Peter gave John a long look and then took a deep breath.
“I have a crush on someone half my age,” Peter buried his face in his hands.
John choked and spat out the water that he was drinking.
“Should I congratulate you for attaining the height of success that qualifies you to date the next generation? Should I start calling you Rupert?” John teased.
“Oh very funny. I know it’s ridiculous and it’s probably going to be tricky. But the feelings are real,” Peter shook his head and let out a sigh.
“Feelings? What, like a teenager’s? “ John rolled his eyes.
“Like a connection.” Peter looked expectantly at John.
“Are you sure that it’s not lust? It’s very natural to have these types of feelings, you know,” John smirked.
“No, I know the difference. This is why I’m worried.” Peter insisted.
“Oh man, you’re serious. So, who’s this crush?” John widened his eyes.
Peter hesitated. After a pause, he said, “its Emma. She works at the café near my home.” He closed his eyes tight to hide his embarrassment.
“Emma, Emma…” John searched his mind trying to figure out who was Emma. Then his jaws dropped.

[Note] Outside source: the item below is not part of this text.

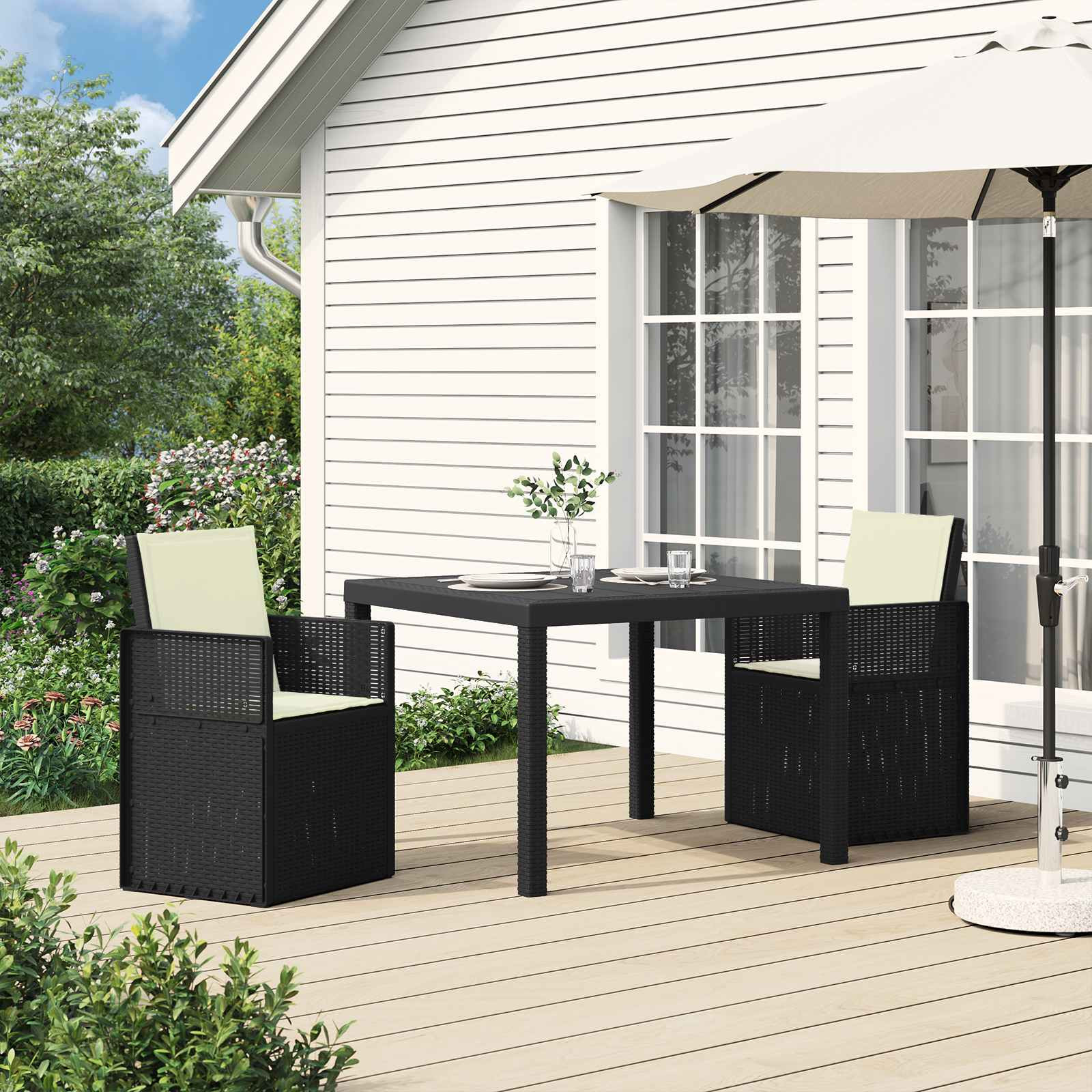 vidaXL Garten Esszimmerstühle 2 pcs Anthrazit und Creme PP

“The one with the long brown hair, big eyes and pretty face? No, she’s not half your age. I don’t have to be good at maths to see that she’s not half your age, a third maybe. It could even be quarter. Where’s my calculator?” John couldn’t believe what was happening.
“Please John. I know, I know. She is way too young and this is crazy. But it’s also bloody real. This is not a regular perv and smirk. I feel a connection with her.”
“Pete, do you know what a DOM is? It stands for Dirty Old Man. This is how the world will see you and judge you,” John frowned at Peter.
“Like I said, I know. It’s ridiculous but I can’t get rid of that feeling. I’m totally obsessed with her.” Peter placed his hand over his eyes.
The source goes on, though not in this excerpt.